WHAT YOU HAVE TO DO: Return the lines from the line containing "Icetoolz Bike Holder" through the last line of the material below, exactly as they appear and with no others.

PROVIDED DATA:
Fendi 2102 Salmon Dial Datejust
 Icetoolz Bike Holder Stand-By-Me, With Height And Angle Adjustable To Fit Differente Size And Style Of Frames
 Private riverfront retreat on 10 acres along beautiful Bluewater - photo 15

YOUR SOLUTION:
 Icetoolz Bike Holder Stand-By-Me, With Height And Angle Adjustable To Fit Differente Size And Style Of Frames
 Private riverfront retreat on 10 acres along beautiful Bluewater - photo 15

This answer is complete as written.